Apple announced a new initiative at its Spring Forward event yesterday – ResearchKit.
What is ResearchKit? Apple’s SVP of Operations, Jeff Williams, described it as a framework for medical researchers to create and deploy mobile apps which collect and share medical data from phone users (with their permission), and share it with the researchers.
Why is this important? Previously it has proven difficult for research organisations to secure volunteers for research studies, and the data collected from such studies is often collected, at best, quarterly.
With this program, Apple hopes to help researchers more easily attract volunteers, and collect their information far more frequently (up to once a second), yielding far richer data.
The platform itself launches next month, but already there are 5 apps available, targeting Parkinson’s, diabetes, heart disease, asthma, and breast cancer. These apps have been developed by medical research organisations, in conjunction with Apple.
The success of this approach can be seen already in this tweet:
After six hours we have 7406 people enrolled in our Parkinson’s study. Largest one ever before was 1700 people. #ResearchKit
— John Wilbanks (@wilbanks) March 10, 2015
I downloaded mPower, the app for Parkinson’s to try it out, but for now, they are only signing up people who are based in the US.
As well as capturing data for the researchers, mPower also presents valuable information to the user, tracking gait and tremor, and seeing if they improve over time, when combined with increased exercise. So the app is a win both for the research organisations, and for the users too.
Apple went to great pains to stress that the user is in complete control over who gets to see the data. And Apple themselves doesn’t ever get to see your data.
This is obviously a direct shot at Google, and its advertising platform’s need to see your data.
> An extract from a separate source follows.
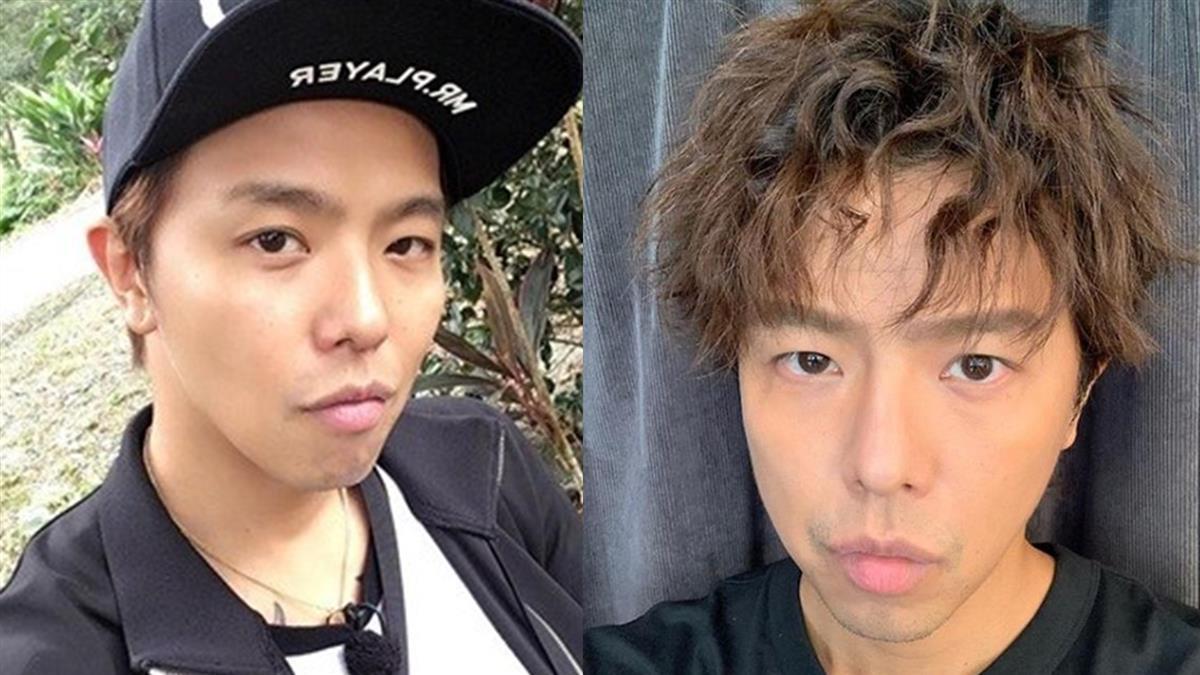 小鬼11年前舊歌稱霸龍頭！成名曲橫掃音樂榜單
Expect to hear this mantra repeated more and more by Apple in future launches.
This focus on privacy, along with Apple’s aggressive stance on fixing security holes, and defaulting to encryption on its devices, is becoming a clear differentiator between Apple and Android (and let’s face it, in mobile, this is a two horse race, for now).
Finally, Williams concluded the launch by saying Apple wants ResearchKit on as many devices as possible. Consequently, Apple are going to make ResearchKit open source. It remains to see which open source license they will opt for.
But, open sourcing ResearckKit is a very important step, as it lends transparency to the privacy and security which Apple say is built-in, as well as validating Apple’s claim that they don’t see your data.
And it also opens ResearchKit up to other mobile platforms to use (Android, Windows, Blackberry), vastly increasing the potential pool of participants for medical research.
We have documented on GreenMonk numerous times how Big Data, and analysis tools are revolutionising health care.
Now we are seeing mobile getting in on the action too. And how.